WORK TO BE COMPLETED - Exactly the lines from the one containing "Get out any" through the end of the listing below are required, restated word for word and without pictures.

EXERCISE INPUTS -
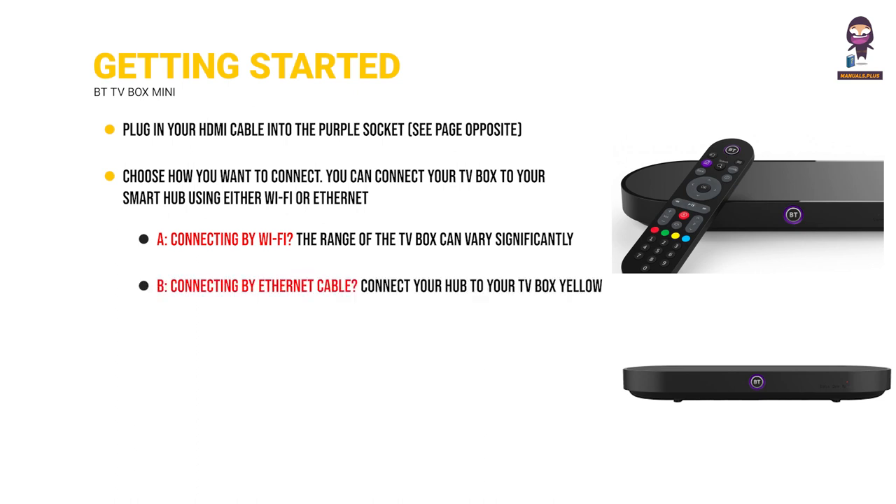Connecting by Ethernet cable? Connect your hub to your TV box using the yellow socket and the Ethernet cable we sent you.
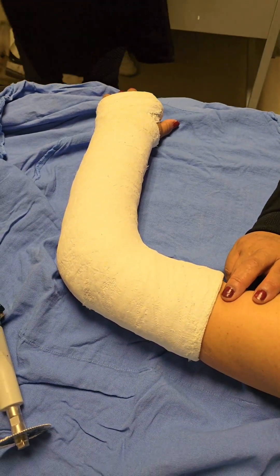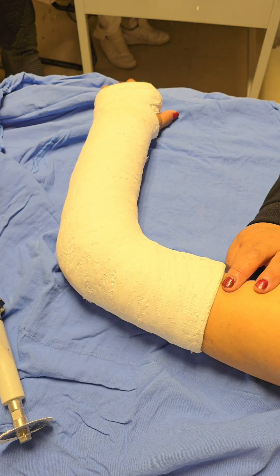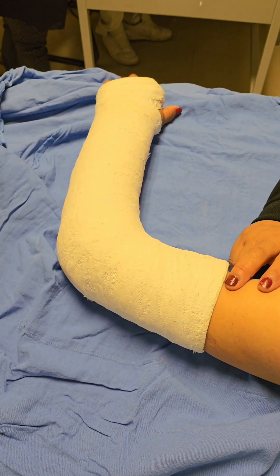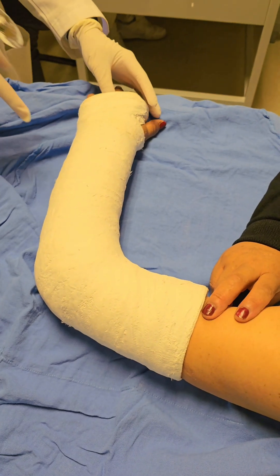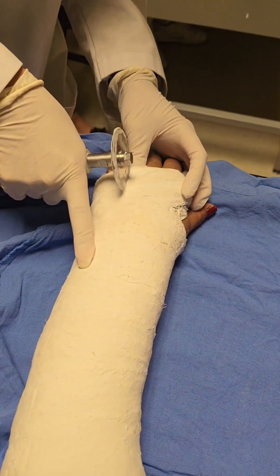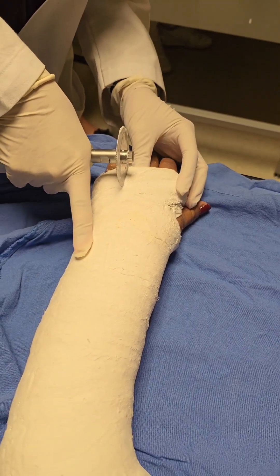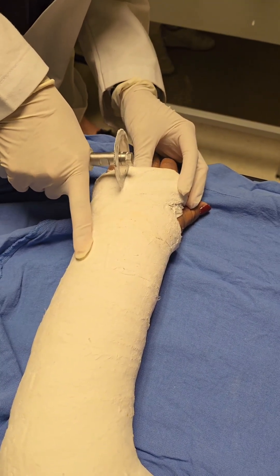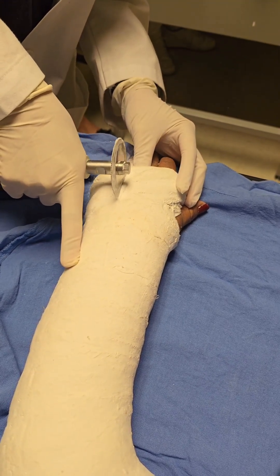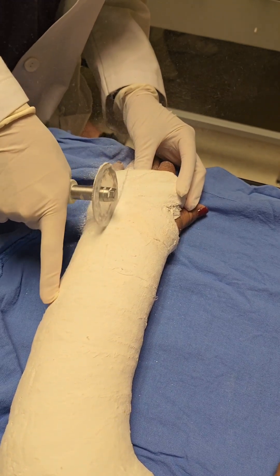Welcome back to the channel everyone. Today we're diving into a crucial and often misunderstood part of wrist fracture recovery: removing a wrist cast using a specialized cast saw. This might sound simple, but there's a lot more to it than meets the eye. If you've ever wondered how these casts are taken off safely, or if the thought of that buzzing saw makes you nervous, stick around. We're going to walk you through the entire process, debunk some myths, and show you exactly why this procedure is both safe and important.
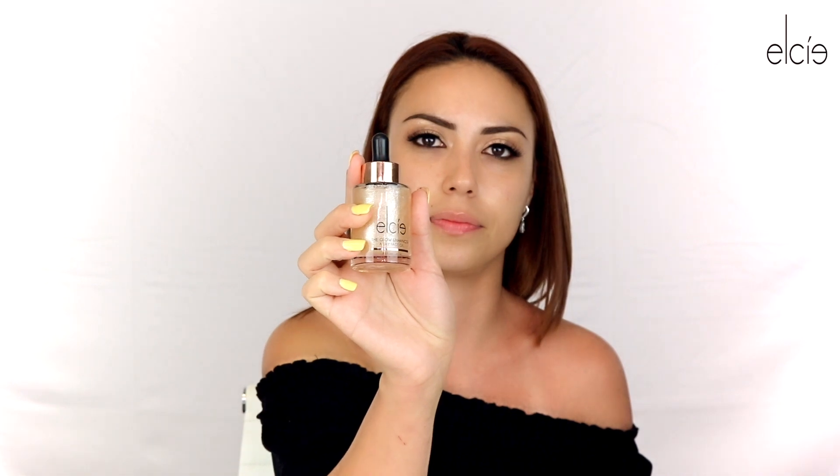We're going to let it dry a little bit, and then the second thing we're going to be doing is the Elsie Glow Enhancer. This is perfect when you want to achieve that radiant skin and help brighten it up as well. I'm going to be doing two drops — if you're oily, I don't recommend starting with two or three drops; you want to start with maybe one and a half and build the product up.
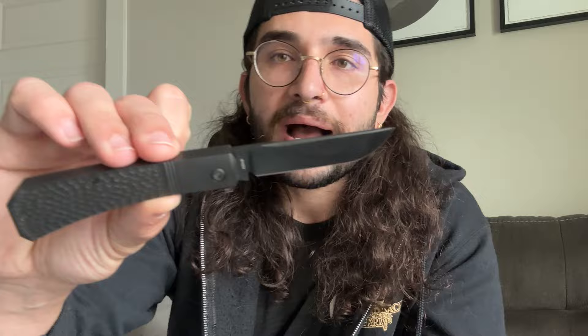Now for some quick specs on the Pioneer Jack: overall length is 6.7 inches with a 2.9 inch blade. It's full titanium with a jig pattern on both sides of the scales, and full DLC coated. This is the first full DLC coated slip joint the host has owned. The blade has a really nice swedge along the top, and the ergonomics are some of the best — that little curvature fits perfectly in hand.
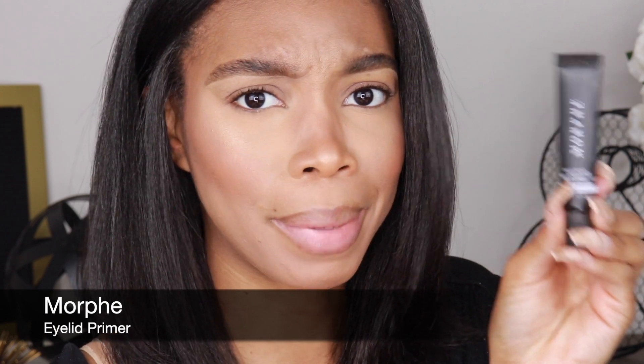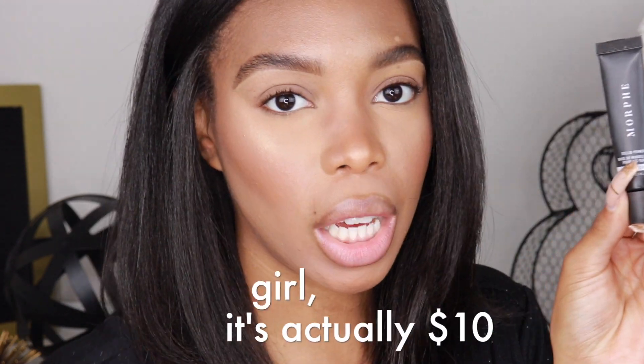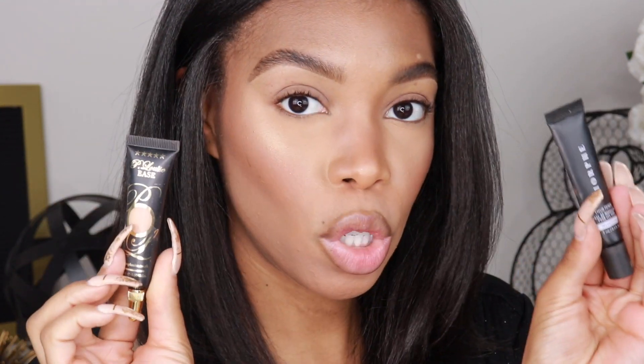Before you do your eyeshadow, you definitely want to use an eyelid primer. This one's by Morphe — it's literally the best thing ever, I think it's around seven bucks. Another great one is the P Louise base — it's like magic in a little container. This basically makes all of your eyeshadows more pigmented; think of it as something that brings out the truest color. You can also use any concealer — put it on your eye, blend it, and you're good to go.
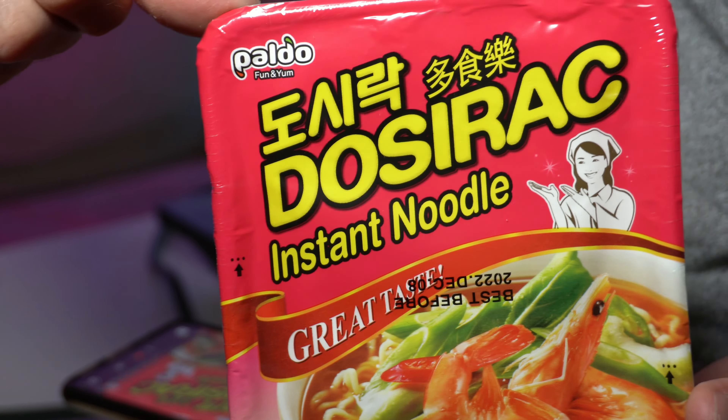The front of the container is pretty eye-catching. It just states the company name at the top, Poldo, and then Dosserack Instant Noodle. It's got like a housewife on there, or like some girl wearing a handkerchief, and she's got like some sort of sparkles, or like stars or magic going on around her shoulders and above her hands — she's like casting a spell or something.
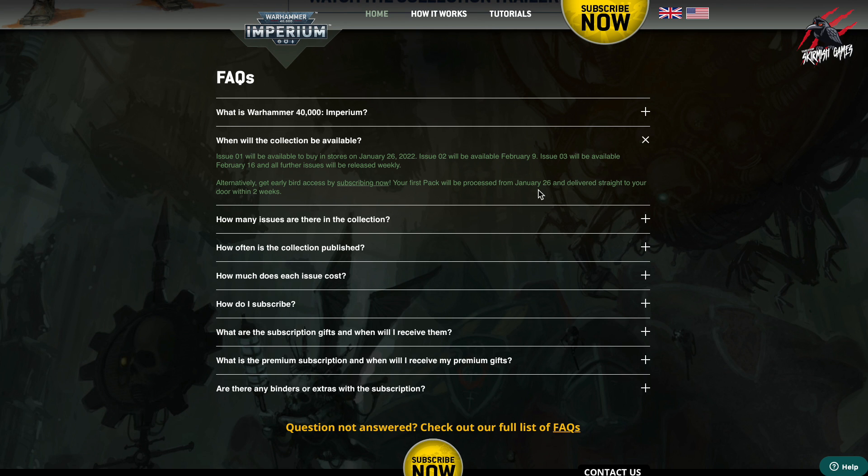I didn't get it bang on the release date — I got it quite a few days after. But what I did is I nipped down to my local newsagents and got an extra copy of issue one because it was so cheap and definitely worth doing. Then I could have a little sneak peek while I waited for the subscription to arrive. And then I definitely got issue two faster, so that's really fun and worth doing.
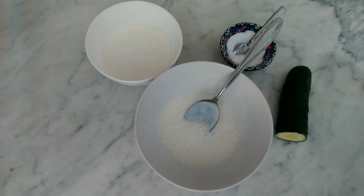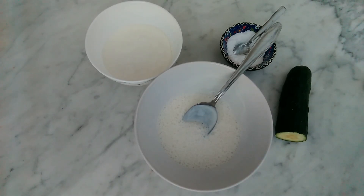Mix everything and the natural burnt skin lotion is ready. Adjust the amount of ingredients to the surface of the burnt skin.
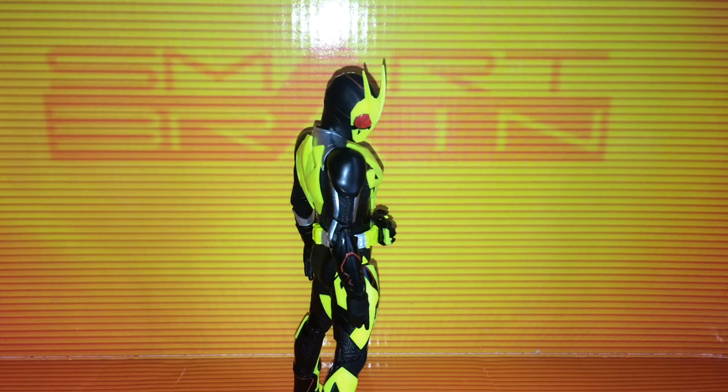Overall, I highly recommend the SH Figuarts Kamen Rider Zero-One to any and all Kamen Rider fans. If you are a fan of Zero-One, you love the Kamen Rider universe, or if you're new to Kamen Rider and want a figure to represent the first rider in the Reiwa era, you definitely want to add this figure to your collection. I think he's well worth every penny.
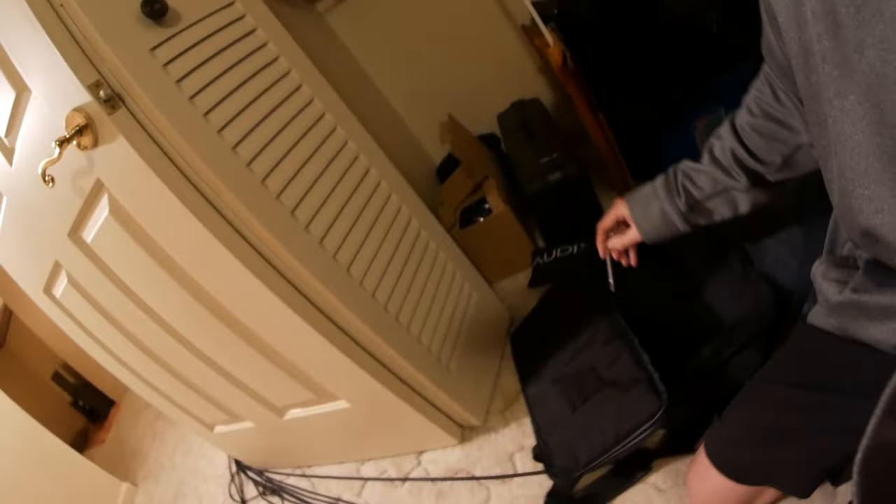You're going to want to keep this in your kick drum case because there's a little slot for it right here. Alright, there's your tip for today — that way you never lose it. Don't forget to brush your teeth. Good night.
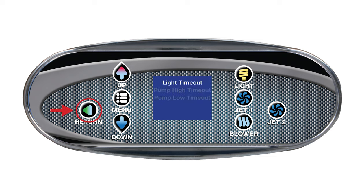Press return a final time to go back to the main screen. Another setting of the NEO SPA controller is time display. In order to access this setting, press menu and up or down until time display is highlighted. Press menu to enter the setting. Use up or down to choose 24 hours or a.m./p.m. Press return to save the setting and go back. The time will be displayed on the home screen in the selected format.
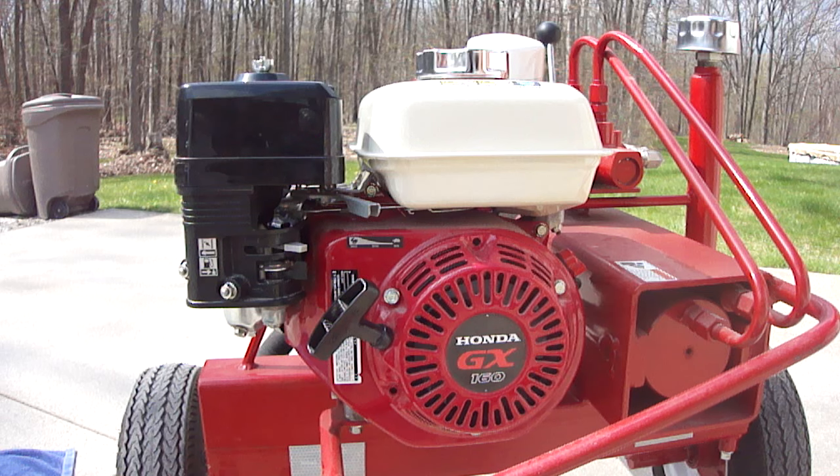I took the old fuel out, just siphoned it out, put new fuel in, pulled and pulled and pulled — still wouldn't start. So I knew I had to check my jets. I hadn't done this before, but it's real easy to do and will save you a lot of money and time. Your engine won't be tied up in the shop.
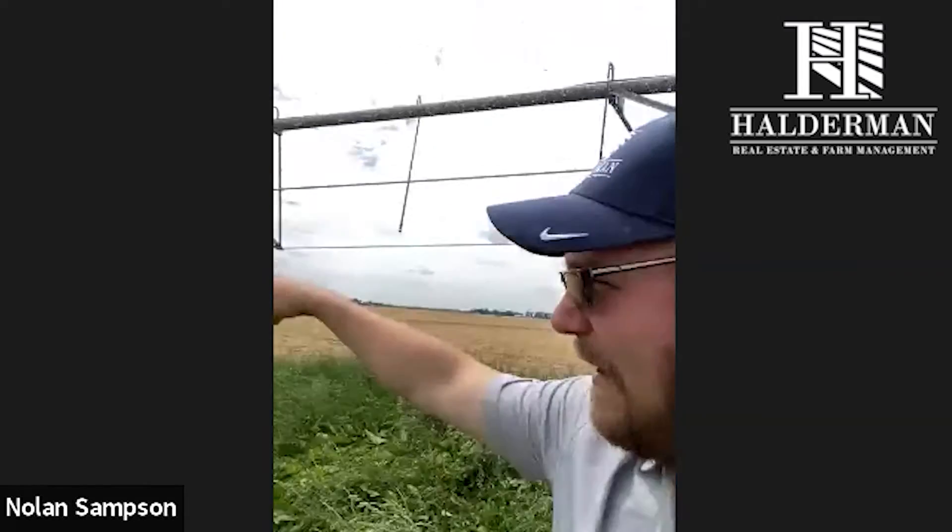There are several spans. Oh, I'm getting wet here. This one is a three-tower system. Each tower moves at a different speed so that it actually makes the circle. The end tower will operate faster than the other two towers, and those are all controlled on sketches.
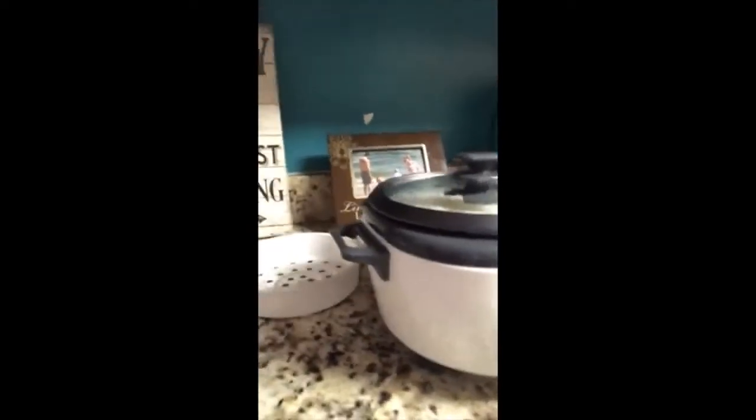Tonight is our frugal meal number four. I did vlog the first one but not the other two — I wanted to do this one for you guys. We got our rice cooker, just a simple Black and Decker rice cooker I got off Amazon — it came in the mail today. I bought a bag of rice from Aldi's for a dollar twenty-nine for three pounds, and that will last us at least all week if not longer.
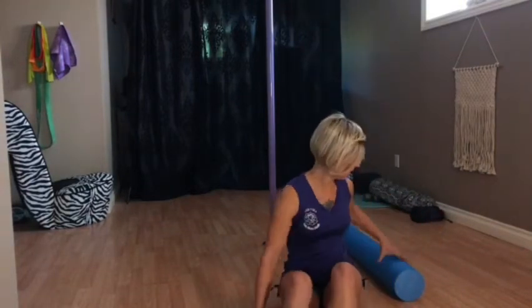Alright, hey guys, so we're going to be doing just five minutes of foam rolling today. If you have a foam roller at home, I'm going to go through ways that you can do a little foam roller workout. It's not going to be anything intense at all, just finding the right placement for different muscle groups when you're foam rolling.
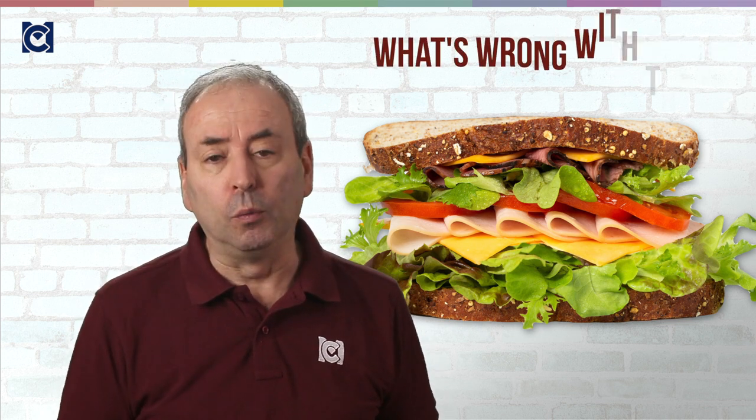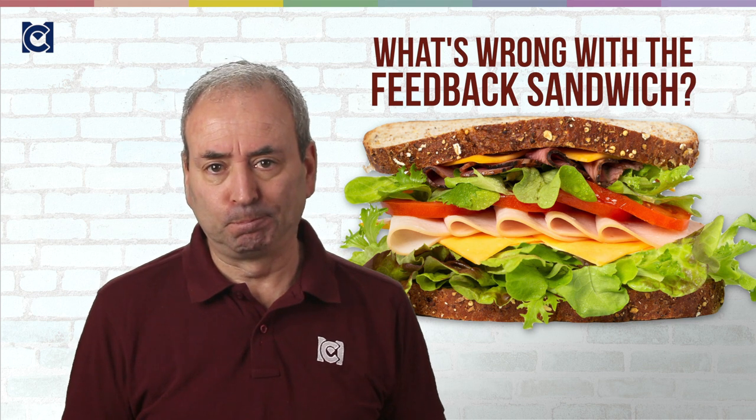So what's wrong with the Feedback Sandwich? We tend to remember the last thing we hear, which means it's very easy for them to go out of the meeting thinking everything is good — they started with the good news and remember all the good news at the end. Their memory starts to fade about all the critical stuff. The Feedback Sandwich is all about making them remember the positive stuff, and therefore creates the risk that they won't take action on making corrections that they need to take.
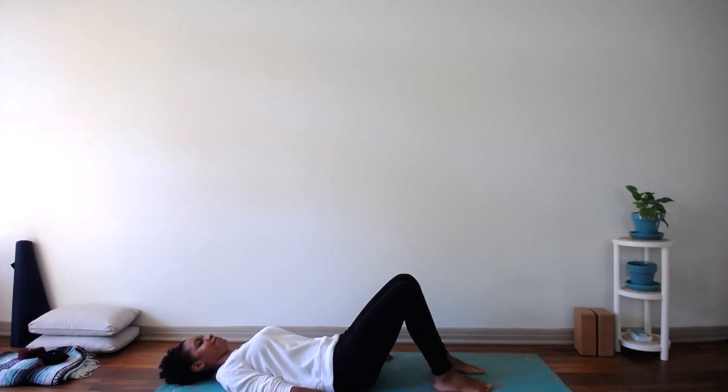Get out any wiggles you may have. Place one hand in the center of your chest and the other on your lower abdomen and take notice of your breath. Take in a deep inhale and let out a full exhale. Again, deep inhale, full exhale. Last time, deep inhale and full exhale. Continue with these deeper, fuller breaths as we continue our practice.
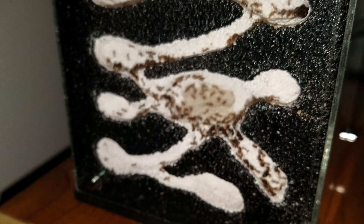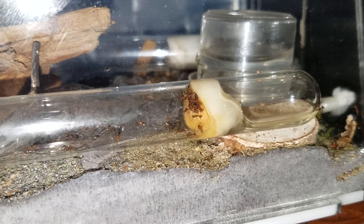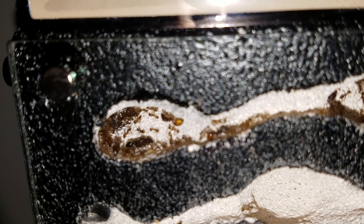Thank you guys. How I moved them out — to speed up the process — I put a heating cable right underneath the nest that they were at, and gave them enough heat to move out. Basically kind of forced them. But it worked pretty well.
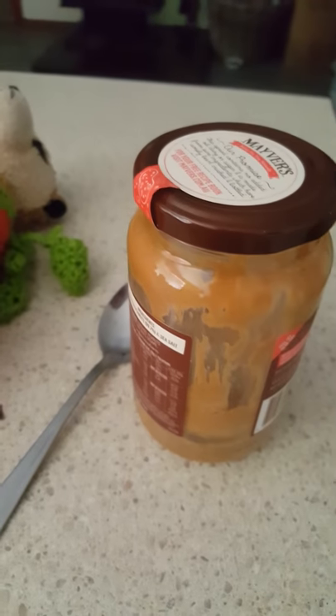The spoon is clean — see, amazingness. There's barely any peanut butter left, but I need to put this down so I can open the peanut butter. That was easy.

ANSWER BOX -
Get out any wiggles you may have. Place one hand in the center of your chest and the other on your lower abdomen and take notice of your breath. Take in a deep inhale and let out a full exhale. Again, deep inhale, full exhale. Last time, deep inhale and full exhale. Continue with these deeper, fuller breaths as we continue our practice.
Thank you guys. How I moved them out — to speed up the process — I put a heating cable right underneath the nest that they were at, and gave them enough heat to move out. Basically kind of forced them. But it worked pretty well.
The spoon is clean — see, amazingness. There's barely any peanut butter left, but I need to put this down so I can open the peanut butter. That was easy.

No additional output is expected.